Ele eu até entendo, fomos melhores amigos de infância, mas você eu juro que não. Não sei nem como é sua voz. Que passa?
Eu não sei, mas tenho certeza que não é sobre você. Tenho certeza que tem a ver com essa minha mania de ter medo da felicidade, de estar mais confortável em lugares difíceis.
Nessa época eu aceitei que eu não era normal, mas eu nem sabia o que tinha de diferente em mim e eu não usava a palavra diferente, usava a palavra errado.
Eu não conseguia entender o que tinha de errado comigo.
Qual era o meu problema? Qual era o meu problema?

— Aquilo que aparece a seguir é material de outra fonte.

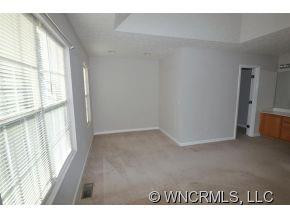 18 South Creekside Court - Photo 8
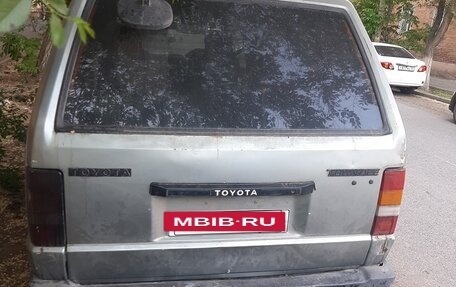 Toyota Town Ace III, 1988 год, 290 000 рублей, 3 фотография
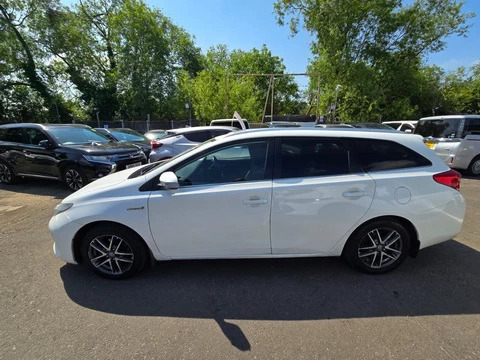 Toyota Auris 1.8 Hybrid 201515 Icon Touring Sports 5 Seats 5 White #6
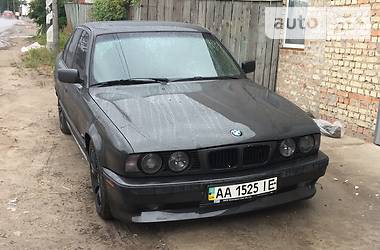 Седан BMW 5 Series 1990 в Киеве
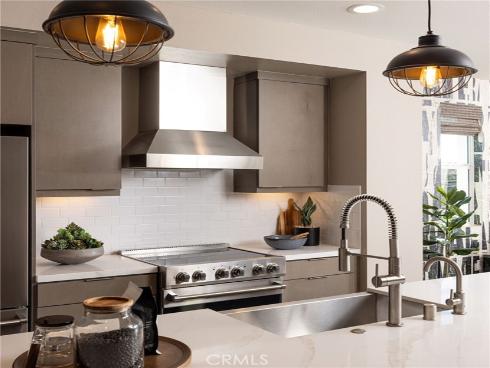 326 E William Way, La Habra, CA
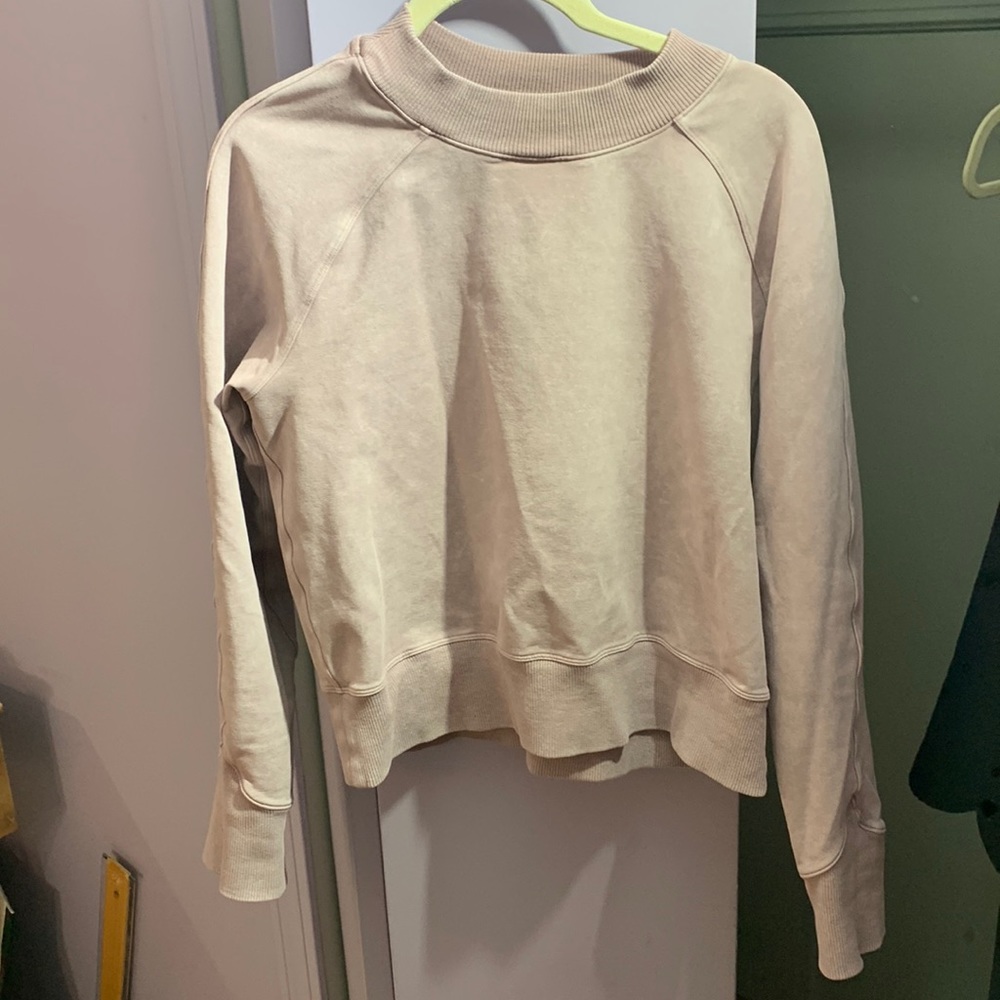 Lululemon sweatshirt size 4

O mais bizarro é que eu não sei seu nome, não faço ideia. Só sei seu apelido que, pensando melhor, nem sei se sei mesmo, porque me contaram seu apelido. Ou seja, talvez nem isso eu saiba. Que sensação estranha.
Fiquei tentando lembrar seu nome com toda força, mas nem sei se tem como lembrar.
Que nostalgia esquisita. Nostalgia e raiva.
Raiva de ter sido uma adolescente tão covarde. Eu tinha mais medo de ser bem tratada do que de ser mal tratada. Se eu achasse que você seria desagradável era capaz de ter dado um jeito de falar com você. Mas era óbvio que não. Eu sei lá o que fazer com isso.
Queria saber como você está hoje em dia, o que você faz, onde você mora.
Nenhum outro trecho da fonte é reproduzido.